Landmines: The Home Version

I’ll offer up a non-tech example of this. We’ve lived in our current house for over 2 years. Thanks to our <sarcasm>lovely HOA</sarcasm>, our trash cans can’t be left by the alley. So, we’ve kept them on one side of the driveway as a “solution.” Simple enough and we meet the letter of the law to keep the HOA police off our back.

Because of this, parking a car on that side of the garage required pretty precise driving – both coming and going. I knew that some day, likely when we were in a hurry, one of us was going to get it wrong. Put the car into the wall of the garage, run over the trash cans, whatever.

But, I knew the caveat. I had “documented” the workaround: Just don’t run into the garage. SImple, right?

Did I put any effort into proper solution? Absolutely! I thought about digging out a space on the other side of the driveway, install some bricks (we have a stack taking up room in the garage, anyway), and park the cans over there. That would leave the driveway 100% clear.

OK… But did I do anything about it? Well, not really. I “didn’t have time.” There were other, more important things going on.

That said, I did finally manage to find time a couple of weekends ago… only after the side view mirror was ripped off my wife’s car. Amazing how things like that suddenly change our priorities (more on this later).

Rear View Mirror Damage 2 (Not actually my mirror, but you get the point…)

Now, not only did I install the bricks – which I should have done months ago, back when it wasn’t ~100 degrees outside – but I had to drop about $200 in parts to replace the mirror.

Bringing it Back to Tech

We all know of – or even create and support – software that has similar landmines in it. Sure, we can train people to step around these landmines. While the audience is small, this is manageable.

What happens when your product is the wonderful success you want it to be? Does a model that requires special insider info or meticulous attention to details in documentation bode for a great experience in the field?

In my trash can situration, I thought I had it all under control. Things went well for a long time. So long, in fact, that I convinced myself that implementing a proper fix wasn’t a priority. “Nothing has blown up so far. I probably don’t need to dig up the yard, after all.”

But, as I was picking up pieces of broken mirror from the driveway, I kicked myself for not acting sooner. Moreover, I had to rearrange my weekend to complete the work in a couple of days, whereas I could have taken more time (and likely done a better job) had I started earlier and paced myself.

Think back in your career and I am sure you can find examples of this in your product’s history. A major customer hits a critical issue, despite it being “well known” or even documented, which causes an all-hands-on-deck situation. New feature development grinds to a halt… and we were already behind on new features, because we’re human and we all suck at estimation.

“A stitch in time…,” “An ounce of prevention…”, etc. Yes, they’re all cliché, but that doesn’t make them any less true.
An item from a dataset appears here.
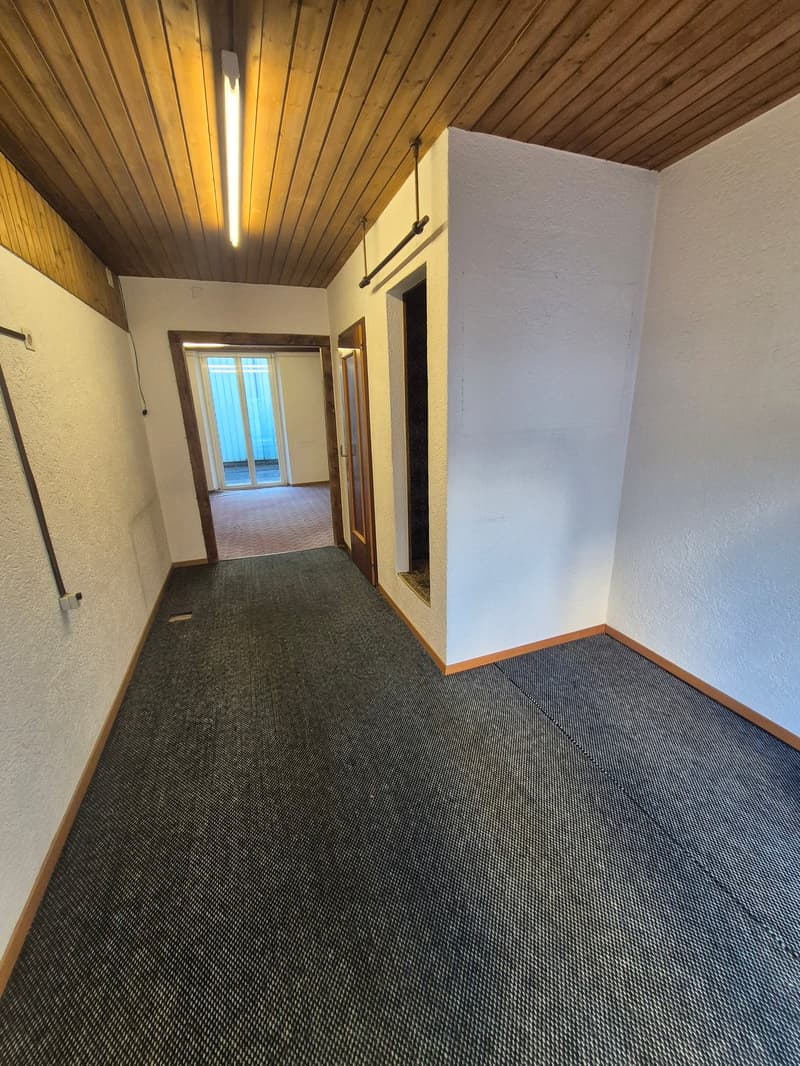 Empty room with wooden ceiling, white walls, gray floor, two doors, one of which leads to another room with a window, and a tube hanging from the ceiling.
The point is: You can bury your skeletons before they are found or while a customer is beating you over the head with a femur. You make the call!

On the Importance of Requirements and Stakeholders

Not only am I curmudgeon when it comes to Supportability; I also nitpick about things in meatspace :)

Take this for example:

Image

This is the ice maker in one of our break rooms. Let’s take a look at how we operate this thing:

  1. The user flips a switch (or two) to select ice, water, or both
  2. The user presses the button, which dispenses water and/or ice, depending on the selections in Step 1

Seems pretty straightforward, right? What’s wrong with this design, you ask? Here are a couple of things, for starters:

  1. The operation is sub-optimal.
    1. Say I wanted ice, but not water. But, the person who used the machine before me just wanted water.
      1. Side rant: Getting just water from this machine is silly, because we have a dedicated water machine about 3 feet away. Despite this, I find the ice maker in this state quite often.
    2. Now, I have to perform three operations to get what I want:
      1. Switch water to “off.”
      2. Switch ice to “on.”
      3. Press button (this one is common to all operations; no getting away from that).
  2. It does not allow for differing ratios of ice to water. Once I push that button, ice and/or water dumps out at whatever rate the machine wants.
  3. If the user is not paying attention, they can get something other than what they wanted.
    1. Say they pour a soda into a cup, then they just press that button. How good will their user experience be when both ice and water come out? Great if you like your soda watered down, but neigh impossible to fix once you push that button.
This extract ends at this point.